Is there any hope for a Santa Claus rally this year? What are the chances the markets could reverse the worst December since 1931?
A Santa Claus rally, which would begin on Monday, is a very specific event. It is the tendency for the market to rise in the last five trading days of the year and the first two of the New Year. According to the Stock Trader’s Almanac, it is good for an average gain of 1.3% in the S&P since 1950.
What caused the Dow Jones Industrial Average to have its worst week since the financial crisis in 2008, down nearly 7 percent and cause the Nasdaq to close down into bear market territory?
- The Federal Reserve’s rate hike on Wednesday drove the losses this week and investors were hoping for a more dovish tone regarding future rate hikes. Despite the fact that Chairman Powell reduced the projected number rate hikes from three to two and reduced the neutral rate to 2.8% from 3%.
- In my humble opinion, President Trump is partly to blame for the severity of the losses this week due to his criticism of the Fed. He backed Powell into a corner and forced him to show that the Fed is an independent institution. (the Fed could have put more emphasis on being data dependent) According to some reports, Trump has also discussed firing Powell privately because of his frustration with stock market losses in recent months.
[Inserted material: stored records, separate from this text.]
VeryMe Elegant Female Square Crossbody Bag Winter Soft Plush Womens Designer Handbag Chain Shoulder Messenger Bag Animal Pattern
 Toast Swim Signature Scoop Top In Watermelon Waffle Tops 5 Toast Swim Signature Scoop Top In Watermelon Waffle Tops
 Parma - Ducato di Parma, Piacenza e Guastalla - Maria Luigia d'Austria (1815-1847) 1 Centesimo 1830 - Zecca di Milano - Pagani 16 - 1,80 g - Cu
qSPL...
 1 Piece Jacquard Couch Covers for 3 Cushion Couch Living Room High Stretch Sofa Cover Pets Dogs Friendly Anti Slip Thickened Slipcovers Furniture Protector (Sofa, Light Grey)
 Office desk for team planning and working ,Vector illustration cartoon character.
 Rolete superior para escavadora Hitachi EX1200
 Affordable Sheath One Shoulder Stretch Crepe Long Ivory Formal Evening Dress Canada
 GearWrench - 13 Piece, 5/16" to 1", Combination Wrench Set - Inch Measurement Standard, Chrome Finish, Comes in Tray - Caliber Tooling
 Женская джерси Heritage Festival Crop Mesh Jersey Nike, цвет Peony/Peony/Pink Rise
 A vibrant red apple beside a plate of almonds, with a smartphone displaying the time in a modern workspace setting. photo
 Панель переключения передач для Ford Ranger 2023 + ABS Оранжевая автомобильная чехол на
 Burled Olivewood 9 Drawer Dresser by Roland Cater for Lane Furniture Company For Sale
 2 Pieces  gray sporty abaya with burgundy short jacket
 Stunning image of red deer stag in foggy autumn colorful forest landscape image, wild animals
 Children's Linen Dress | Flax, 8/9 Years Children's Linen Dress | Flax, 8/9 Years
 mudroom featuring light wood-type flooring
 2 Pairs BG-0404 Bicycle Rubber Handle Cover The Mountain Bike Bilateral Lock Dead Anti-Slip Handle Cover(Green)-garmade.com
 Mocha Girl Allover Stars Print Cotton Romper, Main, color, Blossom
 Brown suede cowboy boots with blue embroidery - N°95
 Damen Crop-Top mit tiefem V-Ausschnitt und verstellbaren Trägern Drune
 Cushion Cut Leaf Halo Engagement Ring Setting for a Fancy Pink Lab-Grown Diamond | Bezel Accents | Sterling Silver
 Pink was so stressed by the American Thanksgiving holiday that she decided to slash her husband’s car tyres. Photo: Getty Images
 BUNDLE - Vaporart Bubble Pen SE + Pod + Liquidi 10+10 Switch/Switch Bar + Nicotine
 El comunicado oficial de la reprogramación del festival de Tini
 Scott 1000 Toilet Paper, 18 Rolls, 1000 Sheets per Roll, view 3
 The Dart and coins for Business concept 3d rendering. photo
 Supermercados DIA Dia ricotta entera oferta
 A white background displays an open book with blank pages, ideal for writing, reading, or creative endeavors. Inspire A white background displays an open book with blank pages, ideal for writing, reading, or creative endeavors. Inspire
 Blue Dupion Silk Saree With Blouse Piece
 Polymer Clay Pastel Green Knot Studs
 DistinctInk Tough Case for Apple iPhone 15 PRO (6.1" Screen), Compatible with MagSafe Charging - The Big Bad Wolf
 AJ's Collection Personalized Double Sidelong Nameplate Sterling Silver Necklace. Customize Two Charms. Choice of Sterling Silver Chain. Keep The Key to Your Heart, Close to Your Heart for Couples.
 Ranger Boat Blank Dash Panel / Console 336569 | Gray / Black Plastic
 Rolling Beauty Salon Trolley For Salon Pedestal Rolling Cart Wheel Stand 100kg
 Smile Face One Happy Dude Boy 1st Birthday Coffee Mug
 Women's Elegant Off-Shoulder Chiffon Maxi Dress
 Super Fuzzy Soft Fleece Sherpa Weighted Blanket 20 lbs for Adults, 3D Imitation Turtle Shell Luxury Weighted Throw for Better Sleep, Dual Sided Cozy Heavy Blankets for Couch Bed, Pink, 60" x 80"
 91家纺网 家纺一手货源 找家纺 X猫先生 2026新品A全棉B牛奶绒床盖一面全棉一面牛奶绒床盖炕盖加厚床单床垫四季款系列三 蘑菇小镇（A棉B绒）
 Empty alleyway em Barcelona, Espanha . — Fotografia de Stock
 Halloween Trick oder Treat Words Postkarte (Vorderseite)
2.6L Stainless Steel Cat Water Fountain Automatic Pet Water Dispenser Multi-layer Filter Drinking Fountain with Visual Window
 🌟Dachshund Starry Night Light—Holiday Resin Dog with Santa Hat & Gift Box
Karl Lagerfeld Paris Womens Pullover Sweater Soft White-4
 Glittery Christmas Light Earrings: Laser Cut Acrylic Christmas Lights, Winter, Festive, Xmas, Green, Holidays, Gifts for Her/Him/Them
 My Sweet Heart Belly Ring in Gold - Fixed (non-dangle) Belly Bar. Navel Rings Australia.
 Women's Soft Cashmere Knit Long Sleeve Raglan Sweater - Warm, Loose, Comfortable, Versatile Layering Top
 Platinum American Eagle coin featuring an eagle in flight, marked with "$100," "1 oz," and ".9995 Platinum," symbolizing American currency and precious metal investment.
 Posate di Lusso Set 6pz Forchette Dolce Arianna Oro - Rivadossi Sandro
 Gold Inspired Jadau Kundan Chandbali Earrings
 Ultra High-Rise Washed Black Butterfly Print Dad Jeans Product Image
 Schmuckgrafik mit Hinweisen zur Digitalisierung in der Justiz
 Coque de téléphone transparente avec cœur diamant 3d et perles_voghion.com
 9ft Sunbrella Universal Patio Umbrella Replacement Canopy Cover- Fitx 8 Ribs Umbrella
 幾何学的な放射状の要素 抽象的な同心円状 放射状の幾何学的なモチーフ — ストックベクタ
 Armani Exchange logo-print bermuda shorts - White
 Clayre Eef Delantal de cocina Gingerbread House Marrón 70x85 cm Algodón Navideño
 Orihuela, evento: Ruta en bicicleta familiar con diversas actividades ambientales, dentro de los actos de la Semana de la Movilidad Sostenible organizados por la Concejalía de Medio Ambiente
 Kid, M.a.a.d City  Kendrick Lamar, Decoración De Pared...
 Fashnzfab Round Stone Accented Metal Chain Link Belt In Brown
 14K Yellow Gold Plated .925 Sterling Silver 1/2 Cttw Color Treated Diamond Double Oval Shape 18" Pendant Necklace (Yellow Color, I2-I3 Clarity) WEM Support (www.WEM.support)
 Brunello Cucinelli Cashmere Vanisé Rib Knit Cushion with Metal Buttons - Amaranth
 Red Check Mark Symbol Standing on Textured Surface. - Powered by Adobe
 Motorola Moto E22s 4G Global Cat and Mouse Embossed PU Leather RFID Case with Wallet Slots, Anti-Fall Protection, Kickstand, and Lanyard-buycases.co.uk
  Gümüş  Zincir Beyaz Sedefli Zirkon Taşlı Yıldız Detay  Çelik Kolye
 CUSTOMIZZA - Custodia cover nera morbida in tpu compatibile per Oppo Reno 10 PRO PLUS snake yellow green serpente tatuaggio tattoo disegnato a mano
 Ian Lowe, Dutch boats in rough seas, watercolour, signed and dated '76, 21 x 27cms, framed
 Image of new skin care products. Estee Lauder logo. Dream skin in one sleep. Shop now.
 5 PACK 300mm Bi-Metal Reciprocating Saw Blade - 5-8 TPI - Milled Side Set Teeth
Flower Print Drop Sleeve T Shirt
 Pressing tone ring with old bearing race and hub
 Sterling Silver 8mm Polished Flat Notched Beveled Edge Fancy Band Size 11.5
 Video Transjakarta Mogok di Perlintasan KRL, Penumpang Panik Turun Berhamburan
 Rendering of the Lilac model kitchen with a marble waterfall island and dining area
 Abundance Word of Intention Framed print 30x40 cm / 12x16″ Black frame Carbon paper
- In an extensive interview at the White House on Thursday, Trump’s trade adviser, Peter Navarro said that it would be “difficult” for the U.S. and China to arrive at an agreement after the 90-day period of talks unless Beijing was prepared for a full overhaul of its trade and industrial practices.
- Political chaos in Washington with partial government shutdown, sudden withdrawal of troops out of Syria and the resignation of Defensive Secretary Mattis.
Investors are still worried about:
- A slowdown in economic growth as more companies scale back their sales growth and profit outlook for 2019
- Fear that a flat yield curve will invert if the Fed continues to hike short-term interest rates
- The unwinding of the Fed’s balance sheet will reduce the availability of credit for corporations
- The trade war with China will escalate causing more inflation
- More economists are jumping on the recession bandwagon for 2020
- Political chaos in Washington will get even worse when the Democrats take power in January
A dead cat bounce is a possibility in January
A dead cat bounce is a small short-lived recovery from a prolonged decline or a bear market that is followed by the continuation of the down turn. You need nerves of steel to trade a dead cat bounce but for long-term investors it could be a good time to reduce market risk and re-balance your portfolio.